Your assignment: Leave the pictures behind and reproduce every line of the listing exactly.

[[ Stored data, beginning ]]

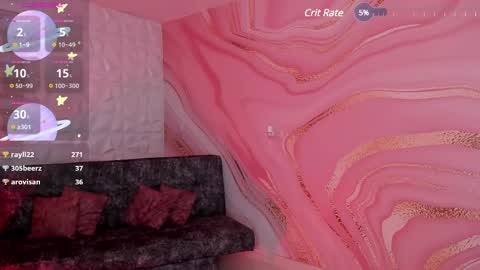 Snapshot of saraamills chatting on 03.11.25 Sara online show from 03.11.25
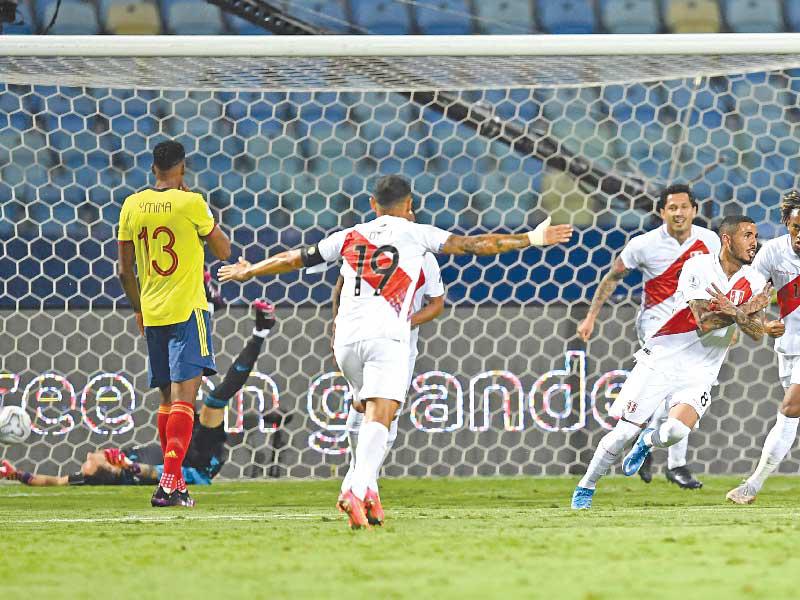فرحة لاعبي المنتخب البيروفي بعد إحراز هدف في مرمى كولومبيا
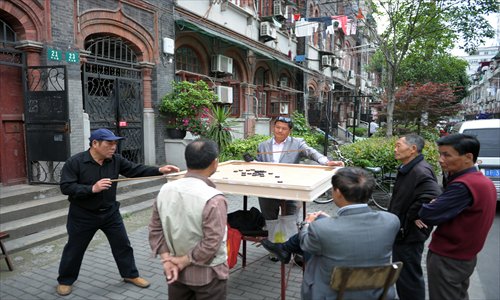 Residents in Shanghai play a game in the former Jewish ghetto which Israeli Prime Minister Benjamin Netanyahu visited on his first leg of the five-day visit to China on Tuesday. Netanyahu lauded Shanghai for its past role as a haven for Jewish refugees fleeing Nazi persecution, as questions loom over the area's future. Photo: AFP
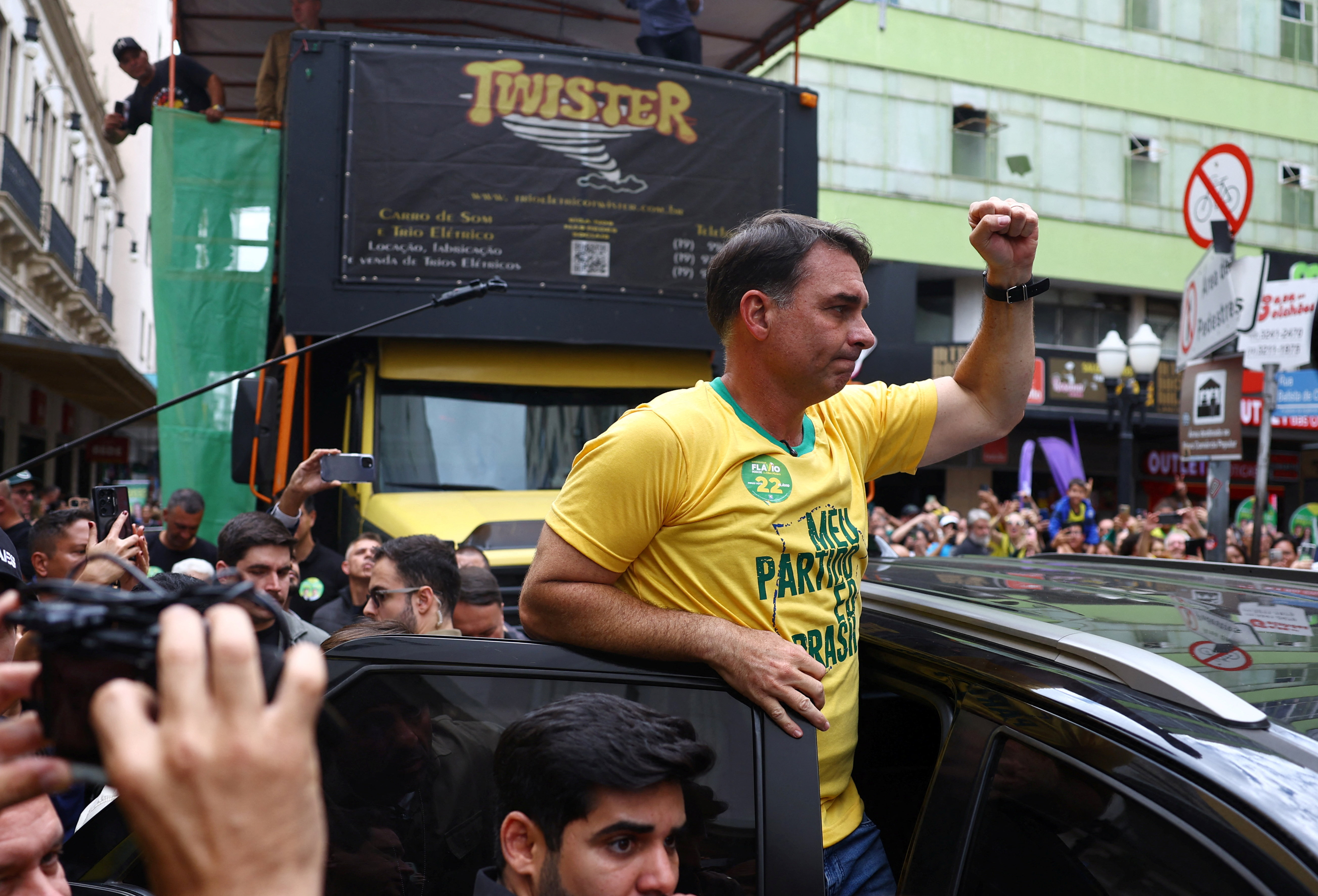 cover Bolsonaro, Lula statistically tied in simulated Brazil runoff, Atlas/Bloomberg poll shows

[[ Stored data, end ]]

Response area:
 Snapshot of saraamills chatting on 03.11.25 Sara online show from 03.11.25
فرحة لاعبي المنتخب البيروفي بعد إحراز هدف في مرمى كولومبيا
 Residents in Shanghai play a game in the former Jewish ghetto which Israeli Prime Minister Benjamin Netanyahu visited on his first leg of the five-day visit to China on Tuesday. Netanyahu lauded Shanghai for its past role as a haven for Jewish refugees fleeing Nazi persecution, as questions loom over the area's future. Photo: AFP
 cover Bolsonaro, Lula statistically tied in simulated Brazil runoff, Atlas/Bloomberg poll shows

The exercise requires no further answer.